Wednesday, May 28, 2008

U.S. v. Fernandez, No. 06-50595 ( 5-27-08). Will an alias a day keep the wiretap away? "No," says the 9th. Here, the government got a wiretap on the defendant under one name. He then switched to a different name. The government recognized him as the same person, and in subsequent wiretap applications, used both names. The 9th (O'Scannlain joined by Goodwin and W. Fletcher) held that the government acted in good faith, and that the wiretap was proper. Any other holding would frustrate government investigation by prodding the drug suspects to keep switching names. What's in a name, anyway? The 9th also held that the guns found at his home had a connection to the far-reaching drug conspiracy.

U.S. v. Santana, No. 07-50190 (5-27-08). Defendant had a SR detainer awaiting him while in state custody.
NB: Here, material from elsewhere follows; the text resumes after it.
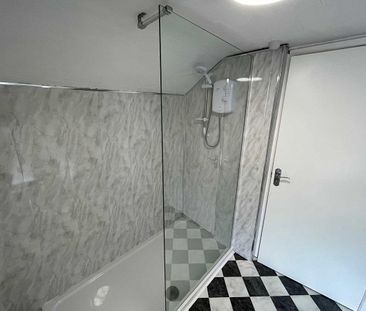 89 Circular Road, Larne, BT40 3AQ - Photo 6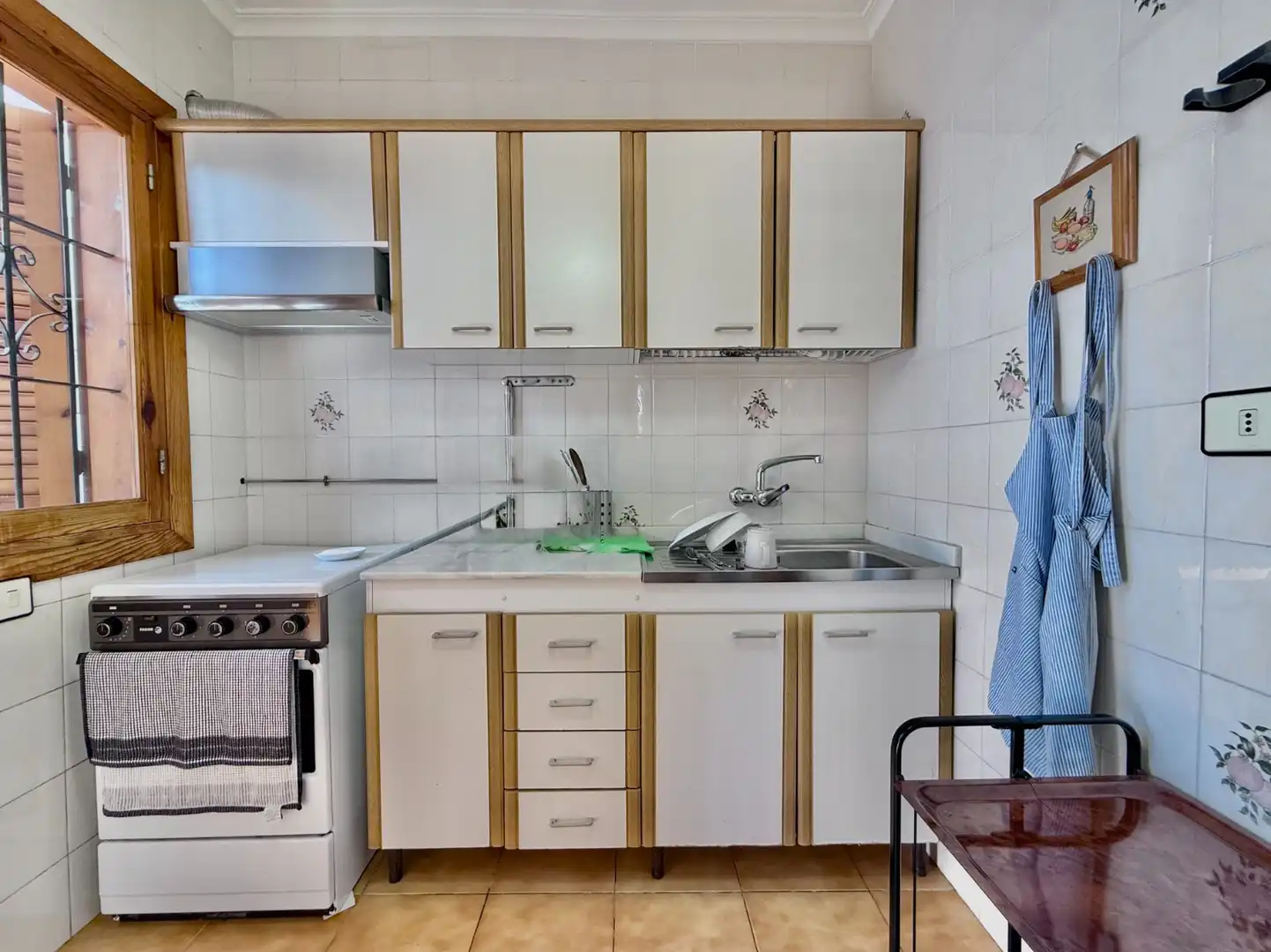 Cuina de Casa o xalet en venda en San Pedro del Pinatar amb Aire condicionat, Jardí privat i Terrassa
His state release day came and went, and he stayed in state custody for some time before he appeared in the district where the petition to revoke had been filed. It was 121 days, or four months. The district court expressed concern with the delay but found no prejudice. The 9th (Gibson joined by O'Scannlain and Graber) affirmed, holding that a motion for relief under due process required unreasonable delay and prejudice, and none was put forward here. Although no prejudice was required in Mendoza, with an eight-year delay between indictment and arrest, that differed in extent between four months and eight years, and there was a distinction between speedy trial rights for trial and for supervised release. The latter requires, at least within the four month range, prejudice. As for the argument that Apprendi requires proof in SR proceedings, the 9th shrugged and said "sorry" because supervised release is not governed by the Sixth Amendment right for jury.